### Requirement:
Exactly repeat the full listing that follows.

Segment Open

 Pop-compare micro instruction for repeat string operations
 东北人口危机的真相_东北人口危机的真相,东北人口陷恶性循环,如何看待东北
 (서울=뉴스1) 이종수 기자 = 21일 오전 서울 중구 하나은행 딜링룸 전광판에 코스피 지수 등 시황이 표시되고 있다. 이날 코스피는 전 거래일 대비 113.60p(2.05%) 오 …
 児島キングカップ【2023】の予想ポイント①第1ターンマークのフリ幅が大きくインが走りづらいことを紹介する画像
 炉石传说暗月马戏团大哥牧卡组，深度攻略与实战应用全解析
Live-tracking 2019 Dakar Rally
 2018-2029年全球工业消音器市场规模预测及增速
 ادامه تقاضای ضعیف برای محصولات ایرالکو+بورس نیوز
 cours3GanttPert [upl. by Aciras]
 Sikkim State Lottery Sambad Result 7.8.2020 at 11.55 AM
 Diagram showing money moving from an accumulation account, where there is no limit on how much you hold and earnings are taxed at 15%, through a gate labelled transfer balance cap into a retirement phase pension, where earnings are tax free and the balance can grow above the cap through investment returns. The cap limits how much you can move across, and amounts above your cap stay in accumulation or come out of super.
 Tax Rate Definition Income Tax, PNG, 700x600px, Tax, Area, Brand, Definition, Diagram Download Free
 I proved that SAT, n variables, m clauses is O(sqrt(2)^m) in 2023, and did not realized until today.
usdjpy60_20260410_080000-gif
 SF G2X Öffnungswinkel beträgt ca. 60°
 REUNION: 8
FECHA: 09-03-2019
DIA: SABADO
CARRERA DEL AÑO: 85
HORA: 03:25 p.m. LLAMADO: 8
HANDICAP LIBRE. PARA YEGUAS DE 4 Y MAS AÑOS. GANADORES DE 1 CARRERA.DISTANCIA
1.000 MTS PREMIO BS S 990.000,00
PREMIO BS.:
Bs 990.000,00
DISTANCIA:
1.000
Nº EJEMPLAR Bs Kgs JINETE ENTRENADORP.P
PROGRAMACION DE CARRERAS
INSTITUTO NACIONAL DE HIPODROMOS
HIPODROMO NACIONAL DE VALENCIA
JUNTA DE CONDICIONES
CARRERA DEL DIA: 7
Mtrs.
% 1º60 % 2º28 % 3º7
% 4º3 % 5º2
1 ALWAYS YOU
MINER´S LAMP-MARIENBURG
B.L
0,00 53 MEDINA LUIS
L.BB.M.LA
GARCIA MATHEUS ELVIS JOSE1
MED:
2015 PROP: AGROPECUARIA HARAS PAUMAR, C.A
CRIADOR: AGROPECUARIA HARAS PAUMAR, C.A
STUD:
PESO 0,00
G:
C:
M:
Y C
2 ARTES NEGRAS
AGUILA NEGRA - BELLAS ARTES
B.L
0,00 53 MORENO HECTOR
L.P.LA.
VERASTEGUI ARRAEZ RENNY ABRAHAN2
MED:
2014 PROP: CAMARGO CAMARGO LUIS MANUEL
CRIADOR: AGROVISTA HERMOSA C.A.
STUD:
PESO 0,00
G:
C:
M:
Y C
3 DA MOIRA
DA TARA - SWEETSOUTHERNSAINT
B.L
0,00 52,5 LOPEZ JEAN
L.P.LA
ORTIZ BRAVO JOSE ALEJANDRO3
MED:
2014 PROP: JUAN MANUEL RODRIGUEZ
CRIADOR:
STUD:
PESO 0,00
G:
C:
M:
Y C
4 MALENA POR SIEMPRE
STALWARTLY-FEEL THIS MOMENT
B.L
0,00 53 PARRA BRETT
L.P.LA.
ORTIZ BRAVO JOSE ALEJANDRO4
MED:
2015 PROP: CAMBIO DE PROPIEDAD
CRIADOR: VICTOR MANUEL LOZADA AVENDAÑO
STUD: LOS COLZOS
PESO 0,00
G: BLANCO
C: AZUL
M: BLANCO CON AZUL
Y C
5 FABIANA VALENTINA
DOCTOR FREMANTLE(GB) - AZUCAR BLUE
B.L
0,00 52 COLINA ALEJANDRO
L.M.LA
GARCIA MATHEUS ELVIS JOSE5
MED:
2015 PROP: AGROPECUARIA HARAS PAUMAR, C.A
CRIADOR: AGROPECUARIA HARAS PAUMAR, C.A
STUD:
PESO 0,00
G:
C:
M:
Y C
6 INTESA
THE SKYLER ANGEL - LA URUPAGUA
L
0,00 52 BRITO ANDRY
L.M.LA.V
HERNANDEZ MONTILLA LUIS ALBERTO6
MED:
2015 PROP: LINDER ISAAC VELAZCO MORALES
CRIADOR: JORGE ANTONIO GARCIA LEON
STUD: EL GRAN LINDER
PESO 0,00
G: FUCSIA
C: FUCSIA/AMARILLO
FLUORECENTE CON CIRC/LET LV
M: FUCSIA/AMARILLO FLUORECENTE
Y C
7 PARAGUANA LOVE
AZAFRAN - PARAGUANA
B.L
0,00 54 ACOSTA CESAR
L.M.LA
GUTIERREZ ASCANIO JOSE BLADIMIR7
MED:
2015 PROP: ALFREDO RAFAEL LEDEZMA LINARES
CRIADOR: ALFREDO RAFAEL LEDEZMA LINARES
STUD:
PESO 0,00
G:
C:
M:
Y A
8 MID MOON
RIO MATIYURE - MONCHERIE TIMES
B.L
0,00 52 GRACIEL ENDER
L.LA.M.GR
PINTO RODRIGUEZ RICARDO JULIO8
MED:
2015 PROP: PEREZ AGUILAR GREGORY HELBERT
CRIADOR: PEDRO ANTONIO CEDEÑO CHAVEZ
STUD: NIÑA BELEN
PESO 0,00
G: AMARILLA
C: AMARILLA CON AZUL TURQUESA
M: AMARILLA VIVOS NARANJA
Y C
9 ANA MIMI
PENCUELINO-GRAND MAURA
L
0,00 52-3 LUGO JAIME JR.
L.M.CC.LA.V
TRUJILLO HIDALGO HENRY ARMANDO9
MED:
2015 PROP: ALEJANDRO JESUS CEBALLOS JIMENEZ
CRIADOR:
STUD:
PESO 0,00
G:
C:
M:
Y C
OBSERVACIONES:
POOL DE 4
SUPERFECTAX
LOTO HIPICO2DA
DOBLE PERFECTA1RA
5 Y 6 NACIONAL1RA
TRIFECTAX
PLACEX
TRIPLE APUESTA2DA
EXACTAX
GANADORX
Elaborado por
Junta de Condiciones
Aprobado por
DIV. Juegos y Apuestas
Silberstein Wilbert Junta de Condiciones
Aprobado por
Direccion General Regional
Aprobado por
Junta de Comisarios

Segment Closed

### Reply to the task:
 Pop-compare micro instruction for repeat string operations
 东北人口危机的真相_东北人口危机的真相,东北人口陷恶性循环,如何看待东北
 (서울=뉴스1) 이종수 기자 = 21일 오전 서울 중구 하나은행 딜링룸 전광판에 코스피 지수 등 시황이 표시되고 있다. 이날 코스피는 전 거래일 대비 113.60p(2.05%) 오 …
 児島キングカップ【2023】の予想ポイント①第1ターンマークのフリ幅が大きくインが走りづらいことを紹介する画像
 炉石传说暗月马戏团大哥牧卡组，深度攻略与实战应用全解析
Live-tracking 2019 Dakar Rally
 2018-2029年全球工业消音器市场规模预测及增速
 ادامه تقاضای ضعیف برای محصولات ایرالکو+بورس نیوز
 cours3GanttPert [upl. by Aciras]
 Sikkim State Lottery Sambad Result 7.8.2020 at 11.55 AM
 Diagram showing money moving from an accumulation account, where there is no limit on how much you hold and earnings are taxed at 15%, through a gate labelled transfer balance cap into a retirement phase pension, where earnings are tax free and the balance can grow above the cap through investment returns. The cap limits how much you can move across, and amounts above your cap stay in accumulation or come out of super.
 Tax Rate Definition Income Tax, PNG, 700x600px, Tax, Area, Brand, Definition, Diagram Download Free
 I proved that SAT, n variables, m clauses is O(sqrt(2)^m) in 2023, and did not realized until today.
usdjpy60_20260410_080000-gif
 SF G2X Öffnungswinkel beträgt ca. 60°
 REUNION: 8
FECHA: 09-03-2019
DIA: SABADO
CARRERA DEL AÑO: 85
HORA: 03:25 p.m. LLAMADO: 8
HANDICAP LIBRE. PARA YEGUAS DE 4 Y MAS AÑOS. GANADORES DE 1 CARRERA.DISTANCIA
1.000 MTS PREMIO BS S 990.000,00
PREMIO BS.:
Bs 990.000,00
DISTANCIA:
1.000
Nº EJEMPLAR Bs Kgs JINETE ENTRENADORP.P
PROGRAMACION DE CARRERAS
INSTITUTO NACIONAL DE HIPODROMOS
HIPODROMO NACIONAL DE VALENCIA
JUNTA DE CONDICIONES
CARRERA DEL DIA: 7
Mtrs.
% 1º60 % 2º28 % 3º7
% 4º3 % 5º2
1 ALWAYS YOU
MINER´S LAMP-MARIENBURG
B.L
0,00 53 MEDINA LUIS
L.BB.M.LA
GARCIA MATHEUS ELVIS JOSE1
MED:
2015 PROP: AGROPECUARIA HARAS PAUMAR, C.A
CRIADOR: AGROPECUARIA HARAS PAUMAR, C.A
STUD:
PESO 0,00
G:
C:
M:
Y C
2 ARTES NEGRAS
AGUILA NEGRA - BELLAS ARTES
B.L
0,00 53 MORENO HECTOR
L.P.LA.
VERASTEGUI ARRAEZ RENNY ABRAHAN2
MED:
2014 PROP: CAMARGO CAMARGO LUIS MANUEL
CRIADOR: AGROVISTA HERMOSA C.A.
STUD:
PESO 0,00
G:
C:
M:
Y C
3 DA MOIRA
DA TARA - SWEETSOUTHERNSAINT
B.L
0,00 52,5 LOPEZ JEAN
L.P.LA
ORTIZ BRAVO JOSE ALEJANDRO3
MED:
2014 PROP: JUAN MANUEL RODRIGUEZ
CRIADOR:
STUD:
PESO 0,00
G:
C:
M:
Y C
4 MALENA POR SIEMPRE
STALWARTLY-FEEL THIS MOMENT
B.L
0,00 53 PARRA BRETT
L.P.LA.
ORTIZ BRAVO JOSE ALEJANDRO4
MED:
2015 PROP: CAMBIO DE PROPIEDAD
CRIADOR: VICTOR MANUEL LOZADA AVENDAÑO
STUD: LOS COLZOS
PESO 0,00
G: BLANCO
C: AZUL
M: BLANCO CON AZUL
Y C
5 FABIANA VALENTINA
DOCTOR FREMANTLE(GB) - AZUCAR BLUE
B.L
0,00 52 COLINA ALEJANDRO
L.M.LA
GARCIA MATHEUS ELVIS JOSE5
MED:
2015 PROP: AGROPECUARIA HARAS PAUMAR, C.A
CRIADOR: AGROPECUARIA HARAS PAUMAR, C.A
STUD:
PESO 0,00
G:
C:
M:
Y C
6 INTESA
THE SKYLER ANGEL - LA URUPAGUA
L
0,00 52 BRITO ANDRY
L.M.LA.V
HERNANDEZ MONTILLA LUIS ALBERTO6
MED:
2015 PROP: LINDER ISAAC VELAZCO MORALES
CRIADOR: JORGE ANTONIO GARCIA LEON
STUD: EL GRAN LINDER
PESO 0,00
G: FUCSIA
C: FUCSIA/AMARILLO
FLUORECENTE CON CIRC/LET LV
M: FUCSIA/AMARILLO FLUORECENTE
Y C
7 PARAGUANA LOVE
AZAFRAN - PARAGUANA
B.L
0,00 54 ACOSTA CESAR
L.M.LA
GUTIERREZ ASCANIO JOSE BLADIMIR7
MED:
2015 PROP: ALFREDO RAFAEL LEDEZMA LINARES
CRIADOR: ALFREDO RAFAEL LEDEZMA LINARES
STUD:
PESO 0,00
G:
C:
M:
Y A
8 MID MOON
RIO MATIYURE - MONCHERIE TIMES
B.L
0,00 52 GRACIEL ENDER
L.LA.M.GR
PINTO RODRIGUEZ RICARDO JULIO8
MED:
2015 PROP: PEREZ AGUILAR GREGORY HELBERT
CRIADOR: PEDRO ANTONIO CEDEÑO CHAVEZ
STUD: NIÑA BELEN
PESO 0,00
G: AMARILLA
C: AMARILLA CON AZUL TURQUESA
M: AMARILLA VIVOS NARANJA
Y C
9 ANA MIMI
PENCUELINO-GRAND MAURA
L
0,00 52-3 LUGO JAIME JR.
L.M.CC.LA.V
TRUJILLO HIDALGO HENRY ARMANDO9
MED:
2015 PROP: ALEJANDRO JESUS CEBALLOS JIMENEZ
CRIADOR:
STUD:
PESO 0,00
G:
C:
M:
Y C
OBSERVACIONES:
POOL DE 4
SUPERFECTAX
LOTO HIPICO2DA
DOBLE PERFECTA1RA
5 Y 6 NACIONAL1RA
TRIFECTAX
PLACEX
TRIPLE APUESTA2DA
EXACTAX
GANADORX
Elaborado por
Junta de Condiciones
Aprobado por
DIV. Juegos y Apuestas
Silberstein Wilbert Junta de Condiciones
Aprobado por
Direccion General Regional
Aprobado por
Junta de Comisarios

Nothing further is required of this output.